Hay un verso que más de un cantor altera por ignorancia o torpeza. Discépolo dice “y la poesía cruel de no pensar más en mí”. Y a los iniciados no se les ocurre nada mejor que decir “y la poesía cruel de no pensar más “que en mí”. Ese “que” altera todo el significado de la frase, expresa exactamente lo contrario y transforma un desagarramiento existencial en un libro de autoayuda.
El cafetín recurre a la metáfora de la vieja, recurso tal vez sensiblero pero que en este caso adquiere significado poético por la relación entre el café y el útero, como le encantaría decir a algún psicoanalista. Finalmente, donde la visión singular, poética, del mundo está expresada con toda crudeza y talento es cuando dice en el último verso: “Nací a las penas, bebí mis años y me entregué sin luchar” .
Recuerdo que en otros tiempos el “me entregué sin luchar” de “Cafetín de Buenos Aires” y “El mundo fue y será una porquería” de “Cambalache”, fueron considerados versos que probaban el carácter reaccionario de Discépolo. Hoy estas hipótesis provocan risa o lástima, pero en algún momento fueron consideradas observaciones sagaces sobre la realidad.
“Cafetín de Buenos Aires” no sólo tuvo problemas con la izquierda; también los tuvo con la derecha clerical.
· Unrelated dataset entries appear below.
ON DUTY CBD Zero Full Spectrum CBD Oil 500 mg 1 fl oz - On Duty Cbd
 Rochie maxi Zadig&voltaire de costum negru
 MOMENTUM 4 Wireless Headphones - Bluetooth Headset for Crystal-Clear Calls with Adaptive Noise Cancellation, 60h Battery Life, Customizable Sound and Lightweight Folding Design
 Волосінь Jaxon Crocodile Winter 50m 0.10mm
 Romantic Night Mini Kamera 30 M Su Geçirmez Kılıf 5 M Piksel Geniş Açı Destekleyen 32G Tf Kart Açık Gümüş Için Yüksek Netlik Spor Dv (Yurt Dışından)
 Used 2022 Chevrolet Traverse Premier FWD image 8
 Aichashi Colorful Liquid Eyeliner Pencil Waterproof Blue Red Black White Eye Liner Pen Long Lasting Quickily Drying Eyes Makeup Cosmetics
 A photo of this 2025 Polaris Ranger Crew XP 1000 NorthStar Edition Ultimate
Cuando en 1943 la dictadura militar de entonces le entregó el Ministerio de Educación a los trogloditas, el tango “Yira yira” se transformó en “Dad vueltas” y “El ciruja” en “El recolector” . “Cafetín de Buenos Aires” salvó el título pero los censores consideraron que era inadmisible que a las santa madre se le dijera “vieja”.
Quien quiera escuchar “Cafetín de Buenos Aires” como Dios manda debe acudir a las interpretaciones de Goyeneche y Rivero, en ese orden. En los dos casos, con la orquesta de Aníbal Troilo, como no podía ser de otro modo.